Familiar members are mixed in with newer members like Susan Wacker-Donle, Denise Letendre and Michelle Hartline, who talked about their work recently.

“‘Requiem’ came out of an interesting and unusual process for me as so much of my art is often based on a visual reference … a photo I’ve taken, a landscape in front of me, lemons on the countertop,” Hartline said by email about her piece “Requiem for Charlottesville,” a mixed media-collage and acrylic on 140-pound watercolor paper.

“This was a visceral and subconscious expression that evolved out of a totally different collage I was working on (I think if you X-rayed it, you’d find a portrait of Leonard Cohen under there),” she stated. “The piece proves to me how we are all affected, even if remotely, by trauma. In no way have I experienced anything like the horror of Charlottesville and yet I wonder if someone who was there could identify with the piece on some level.”

“I often think I’m painting to reflect my feelings about something that I’ve observed but, obviously, I’m painting for other reasons that even I — the painter — am not aware of,” she added.

Hartline, who lives in Sudbury, is largely self-taught and said, “Art was always an avocation rather than a vocation, and I’d say my ‘medium’ has more often been my gardens than a piece of paper.”

Photographer Denise Letendre’s “Eat” shows a business-front that, in black and white, gives the feel of a retro diner. It sits beside another storefront door she photographed called, “Sorry, We’re Dead” where a “Sorry We’re Closed” sign might be.

“Basically, my process starts with traveling around the backroads and towns of Vermont with my camera,” Letendre said by email. “I live in Castleton, so I’m usually looking within Rutland County or just over the border in New York. I park my car, poke around, and take pictures of anything that catches my eye.”

Photographer Susan Wacker-Donle, of Pittsfield, shares a similar process and says her work also is a product of her environment.

“I just love the area here; (it) inspires me all the time,” she said by phone. The heaping snowstorms during winter become part of her process.

“The next snowstorm we have, I will pick a spot that I haven’t been to and see if there’s anything there that catches my eye, and I will take photographs,” she said. “I usually take about 100 just to get the one that just might be great.”

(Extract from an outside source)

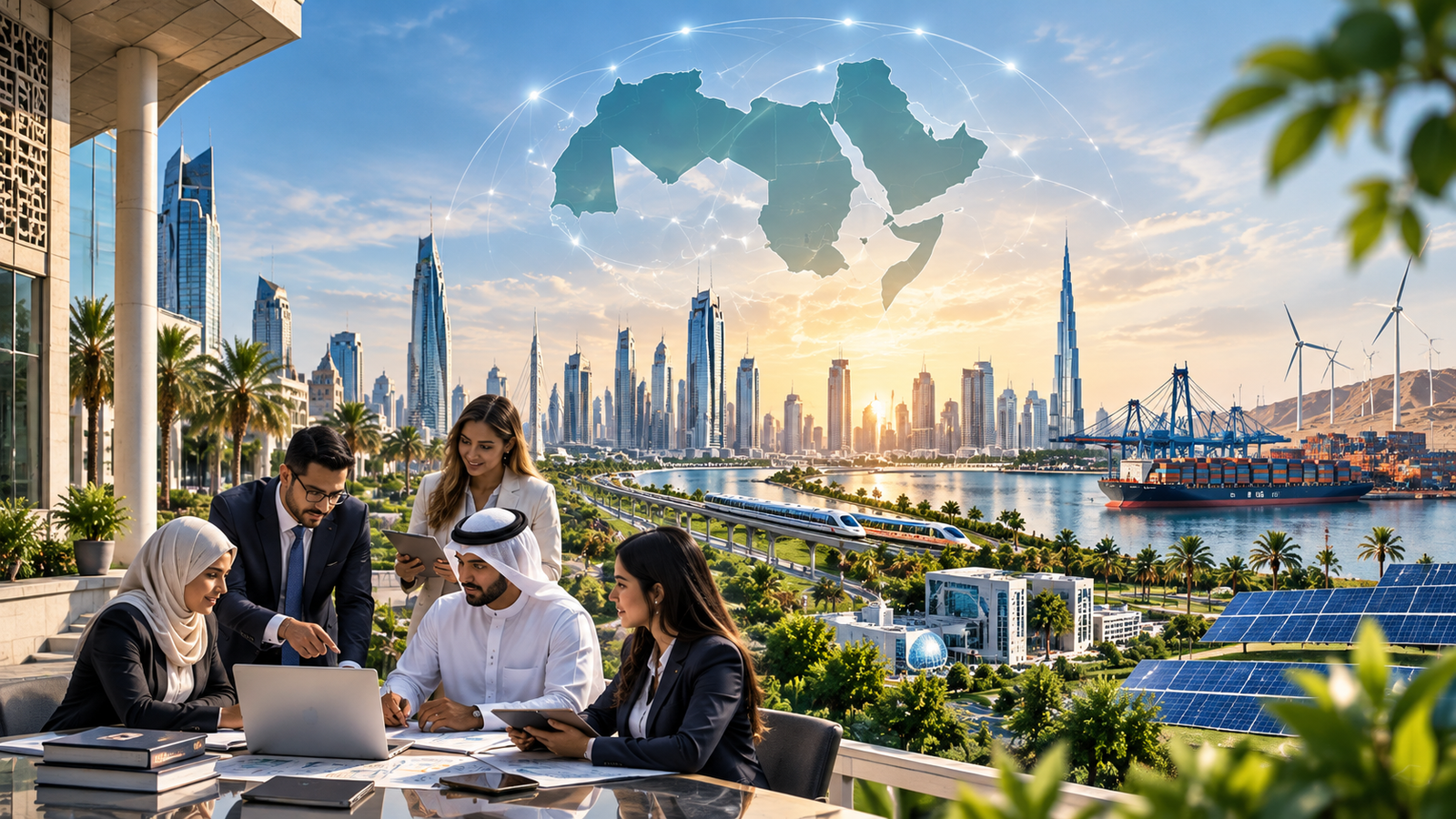 رؤية عربية تجمع التنمية والاستدامة والتكنولوجيا والتكامل بين الدول العربية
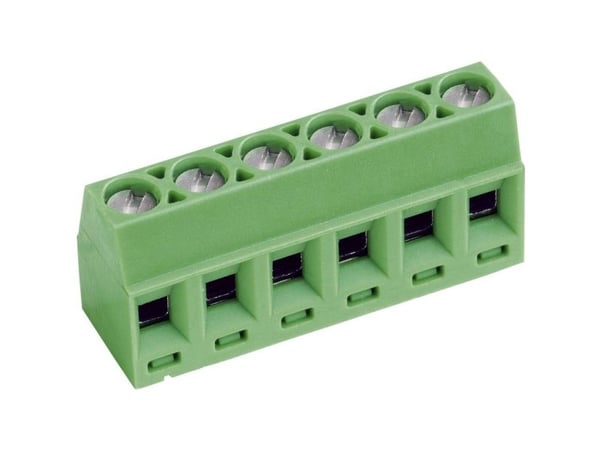 PTR AKZ602/8-3.81-V Ruuviliitin 1.00 mm² Poltal 8 Vihreä 1 kpl 1 kpl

“The interesting thing is, a lot of my photography I have planned, but what usually happens is that photo never really comes out. It’s always another scene that I had no idea was even going to be there,” Wacker-Donle said. “It seems like the more that I plan it, the less the photographs come out, and the more that I see something unexpected, that’ll be the photograph. A lot of serendipity is involved.”

For her piece called “Ice storm,” she said, “Everything about that shot is probably against the rules.”

“I’m shooting right into the sun, and you’re not supposed to, but it gave me this incredible effect of the sun coming through the ice and the trees and the snow. So you have to keep an open mind,” she said.

Too much manipulation is an easy temptation with digital photography, but Letendre and Wacker-Donle agreed, less is more.

“I don’t do a lot of retouching because I find the more you manipulate a photograph the further it gets from something that’s attractive,” Wacker-Donle said. “When I turn it into black and white it becomes even more of a piece of art, and it’s taken away a little bit more from reality.”

“I like to make my images in sepia rather than full color because it makes the scene seem removed from the present, from the flow of time, as if it’s a moment that’s been preserved,” Letendre said.

The exhibit runs through March 3.

Birkheimer Rooker said, “The new exhibit has three themed galleries and then we have art throughout the rest of the mansion. I try to highlight our artists members so I thought this would be great for them, because they’re (all) front and center.”